(Stored items)
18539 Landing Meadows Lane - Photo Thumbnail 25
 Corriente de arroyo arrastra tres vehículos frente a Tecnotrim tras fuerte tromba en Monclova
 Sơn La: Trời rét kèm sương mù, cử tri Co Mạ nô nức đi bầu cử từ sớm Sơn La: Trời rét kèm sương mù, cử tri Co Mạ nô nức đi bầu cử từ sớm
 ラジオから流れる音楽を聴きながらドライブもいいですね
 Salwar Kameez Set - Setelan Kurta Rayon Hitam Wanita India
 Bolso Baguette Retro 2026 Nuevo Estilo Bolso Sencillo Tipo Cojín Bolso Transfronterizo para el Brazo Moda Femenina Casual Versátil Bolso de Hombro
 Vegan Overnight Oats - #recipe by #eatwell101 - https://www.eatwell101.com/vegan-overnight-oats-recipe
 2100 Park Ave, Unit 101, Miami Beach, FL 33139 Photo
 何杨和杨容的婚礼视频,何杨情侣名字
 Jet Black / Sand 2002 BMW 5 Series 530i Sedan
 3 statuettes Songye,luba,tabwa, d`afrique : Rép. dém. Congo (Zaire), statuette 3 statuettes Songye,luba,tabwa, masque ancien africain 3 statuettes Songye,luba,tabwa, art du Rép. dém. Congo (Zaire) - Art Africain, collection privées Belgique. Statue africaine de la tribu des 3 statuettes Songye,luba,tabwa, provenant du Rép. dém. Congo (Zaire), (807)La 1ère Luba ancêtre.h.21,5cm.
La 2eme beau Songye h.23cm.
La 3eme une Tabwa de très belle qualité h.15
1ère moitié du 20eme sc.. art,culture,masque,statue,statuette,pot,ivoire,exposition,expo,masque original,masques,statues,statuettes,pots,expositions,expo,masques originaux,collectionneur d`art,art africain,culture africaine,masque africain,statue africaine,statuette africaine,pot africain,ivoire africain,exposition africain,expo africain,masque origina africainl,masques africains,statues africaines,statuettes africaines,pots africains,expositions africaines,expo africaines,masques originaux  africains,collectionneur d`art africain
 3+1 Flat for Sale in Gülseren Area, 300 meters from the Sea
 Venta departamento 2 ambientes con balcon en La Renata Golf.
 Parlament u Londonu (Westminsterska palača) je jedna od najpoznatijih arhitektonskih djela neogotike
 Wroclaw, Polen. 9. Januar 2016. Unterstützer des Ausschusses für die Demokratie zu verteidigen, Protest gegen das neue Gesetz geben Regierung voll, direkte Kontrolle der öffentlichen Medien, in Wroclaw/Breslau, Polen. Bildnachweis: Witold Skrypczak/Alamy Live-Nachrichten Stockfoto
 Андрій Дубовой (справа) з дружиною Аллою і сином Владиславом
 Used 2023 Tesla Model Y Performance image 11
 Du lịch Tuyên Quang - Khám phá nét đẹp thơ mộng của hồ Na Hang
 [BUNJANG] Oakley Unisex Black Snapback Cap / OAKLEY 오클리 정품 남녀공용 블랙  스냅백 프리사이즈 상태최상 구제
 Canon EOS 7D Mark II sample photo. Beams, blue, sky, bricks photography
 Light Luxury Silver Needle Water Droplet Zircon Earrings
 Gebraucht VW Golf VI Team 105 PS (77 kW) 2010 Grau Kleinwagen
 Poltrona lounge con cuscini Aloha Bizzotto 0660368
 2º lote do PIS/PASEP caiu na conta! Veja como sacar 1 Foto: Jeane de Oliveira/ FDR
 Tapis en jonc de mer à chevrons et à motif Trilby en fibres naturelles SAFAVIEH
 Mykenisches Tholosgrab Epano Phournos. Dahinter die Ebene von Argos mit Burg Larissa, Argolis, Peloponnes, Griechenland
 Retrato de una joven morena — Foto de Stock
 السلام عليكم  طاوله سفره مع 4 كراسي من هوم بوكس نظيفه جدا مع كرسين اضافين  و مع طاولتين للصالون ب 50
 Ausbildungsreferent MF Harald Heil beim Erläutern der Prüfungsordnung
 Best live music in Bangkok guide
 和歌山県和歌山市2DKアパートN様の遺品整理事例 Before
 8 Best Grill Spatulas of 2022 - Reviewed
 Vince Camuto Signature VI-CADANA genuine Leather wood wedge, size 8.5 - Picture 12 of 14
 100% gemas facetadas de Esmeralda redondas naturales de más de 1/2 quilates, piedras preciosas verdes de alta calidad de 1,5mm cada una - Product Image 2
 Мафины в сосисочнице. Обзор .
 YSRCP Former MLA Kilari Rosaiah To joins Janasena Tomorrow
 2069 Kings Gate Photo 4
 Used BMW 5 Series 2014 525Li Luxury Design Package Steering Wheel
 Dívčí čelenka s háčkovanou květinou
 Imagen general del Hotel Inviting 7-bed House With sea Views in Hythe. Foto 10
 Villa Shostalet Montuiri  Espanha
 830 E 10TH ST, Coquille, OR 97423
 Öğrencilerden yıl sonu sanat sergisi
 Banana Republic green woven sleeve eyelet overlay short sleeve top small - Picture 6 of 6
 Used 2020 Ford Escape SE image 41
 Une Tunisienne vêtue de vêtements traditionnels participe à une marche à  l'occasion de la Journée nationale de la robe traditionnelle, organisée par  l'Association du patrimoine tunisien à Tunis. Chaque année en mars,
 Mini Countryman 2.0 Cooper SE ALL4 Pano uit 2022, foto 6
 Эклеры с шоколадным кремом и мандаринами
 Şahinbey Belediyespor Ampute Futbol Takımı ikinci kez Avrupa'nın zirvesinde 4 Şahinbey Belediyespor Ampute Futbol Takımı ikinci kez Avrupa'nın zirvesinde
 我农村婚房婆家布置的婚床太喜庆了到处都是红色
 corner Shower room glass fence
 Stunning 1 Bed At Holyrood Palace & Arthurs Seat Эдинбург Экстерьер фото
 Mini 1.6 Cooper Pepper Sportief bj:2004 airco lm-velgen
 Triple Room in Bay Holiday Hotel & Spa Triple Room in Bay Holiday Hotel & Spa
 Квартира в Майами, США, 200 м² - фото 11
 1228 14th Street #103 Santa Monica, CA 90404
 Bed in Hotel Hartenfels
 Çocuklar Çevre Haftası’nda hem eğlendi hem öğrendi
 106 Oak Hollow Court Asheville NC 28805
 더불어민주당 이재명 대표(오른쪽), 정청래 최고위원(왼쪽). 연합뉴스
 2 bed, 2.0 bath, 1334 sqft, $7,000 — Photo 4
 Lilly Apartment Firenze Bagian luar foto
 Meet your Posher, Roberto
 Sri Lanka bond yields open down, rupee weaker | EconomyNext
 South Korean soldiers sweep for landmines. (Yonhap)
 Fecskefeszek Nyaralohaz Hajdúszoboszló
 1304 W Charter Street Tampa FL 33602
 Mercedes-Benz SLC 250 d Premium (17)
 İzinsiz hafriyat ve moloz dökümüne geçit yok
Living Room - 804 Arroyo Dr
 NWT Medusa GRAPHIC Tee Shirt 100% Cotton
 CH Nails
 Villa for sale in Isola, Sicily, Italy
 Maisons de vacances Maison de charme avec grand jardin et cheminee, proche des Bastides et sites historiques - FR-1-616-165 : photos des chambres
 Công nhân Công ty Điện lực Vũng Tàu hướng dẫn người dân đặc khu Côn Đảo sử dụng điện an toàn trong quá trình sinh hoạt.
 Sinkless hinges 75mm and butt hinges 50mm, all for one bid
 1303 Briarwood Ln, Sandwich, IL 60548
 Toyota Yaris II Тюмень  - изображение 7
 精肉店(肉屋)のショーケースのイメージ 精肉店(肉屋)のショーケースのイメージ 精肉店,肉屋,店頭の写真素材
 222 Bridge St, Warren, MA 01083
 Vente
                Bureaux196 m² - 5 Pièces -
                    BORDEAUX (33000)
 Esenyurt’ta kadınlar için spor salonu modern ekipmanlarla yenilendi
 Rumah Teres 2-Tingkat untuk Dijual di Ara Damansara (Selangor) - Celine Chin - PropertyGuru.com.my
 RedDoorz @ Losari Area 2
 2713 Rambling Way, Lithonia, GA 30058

### TASK PROMPT
Return exactly the lines above from the line that has "YSRCP Former MLA" through the line that has "Öğrencilerden yıl sonu sanat sergisi", inclusive, and nothing else.

### RESPONSE AREA
 YSRCP Former MLA Kilari Rosaiah To joins Janasena Tomorrow
 2069 Kings Gate Photo 4
 Used BMW 5 Series 2014 525Li Luxury Design Package Steering Wheel
 Dívčí čelenka s háčkovanou květinou
 Imagen general del Hotel Inviting 7-bed House With sea Views in Hythe. Foto 10
 Villa Shostalet Montuiri  Espanha
 830 E 10TH ST, Coquille, OR 97423
 Öğrencilerden yıl sonu sanat sergisi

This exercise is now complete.